The First and the only Airdale aboard the Norris
Joe Hettel ADJ3 '65-'67
Mr. Todd & Talcott flying drone from flight deck. After Drone is up & on the way to the target, the flying was done by Mr. Fagaley, in C.I.C
This picture shows Drone 1280 inside the hanger bay. The drone was rolled out on wheels and also firmly attached to the tracks which can be seen on the flight deck. This enabled the drone to be moved during heavy weather.
Minor on left gets ready to refuel on of the Drones. Bruce D'Avolio stands by to help. The idea of the Drone was to give the ASW (Anti-Submarine Warfare) Destroyer a 30 miles advantage in launching her torpedoes. In other words, in theory, we launched before the Sub.

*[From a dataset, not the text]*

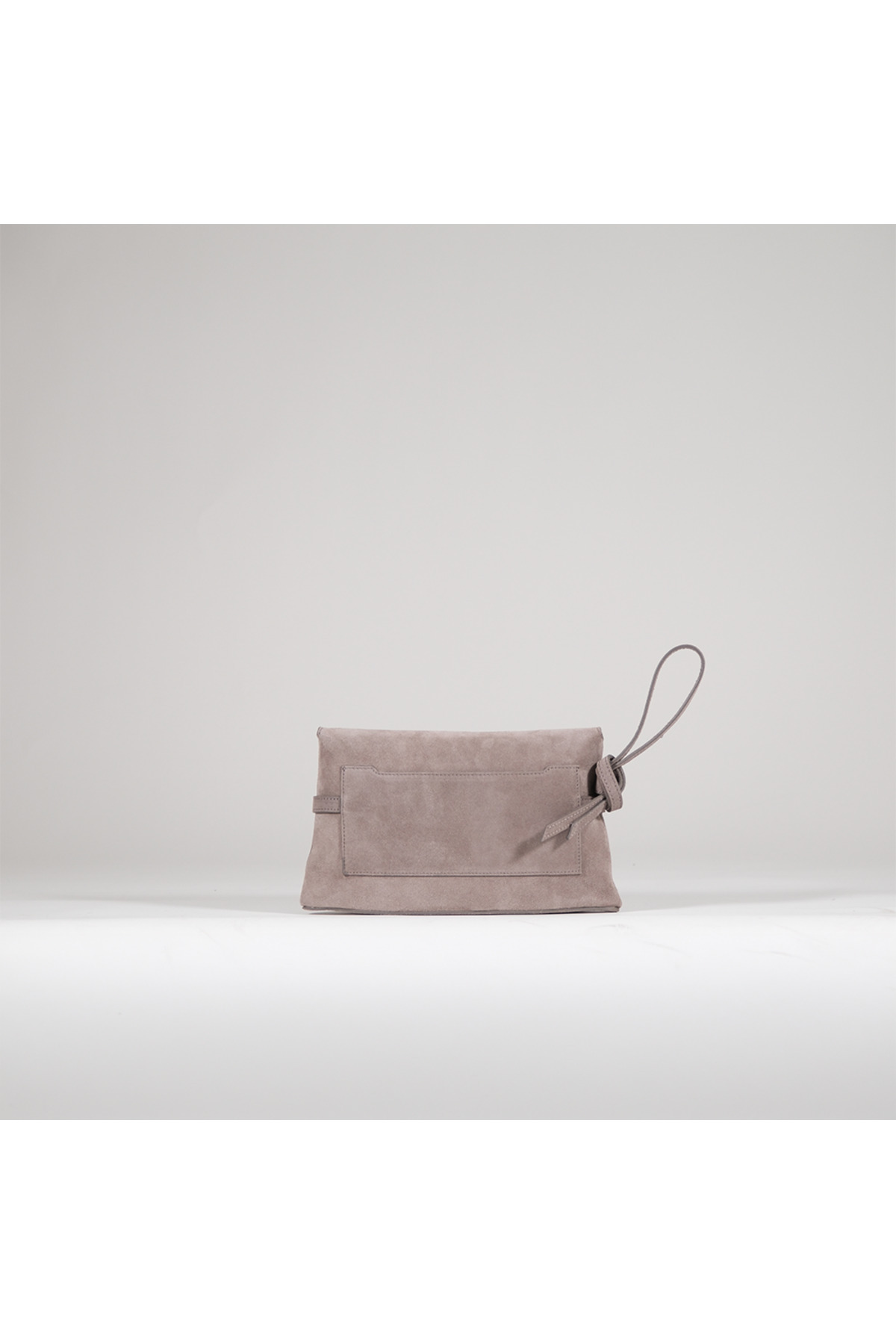 BEGRA ATELIER BEGRA Elara %100 Hakiki Süet Clutch Çanta - Gri (Taupe) görsel 4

The Drone is started and turning up
Talcott is now releasing the coaxial cables and hold down apparatus of the drone. You didn't want to stand up of course, or you may get a haircut, or worse yet, a headcut.
The drone is now airborn. Beneath the drone are two large floatation devices. they were supposed to keep the drone from sinking, but usually ripped off on crashing-- we lost no drones, however, many were lost, usually from lost of radio signal.
Aviation Machinist Mate (AD) JOE HETTEL
Usually, AD's are assigned to billets concerned with maintaining turbo-jet aircraft engines and associated equipment or to any one of several types of aircraft maintenance activities. AD's maintain, service, adjust and replace aircraft engines and accessories, as well as perform the duties of flight engineers.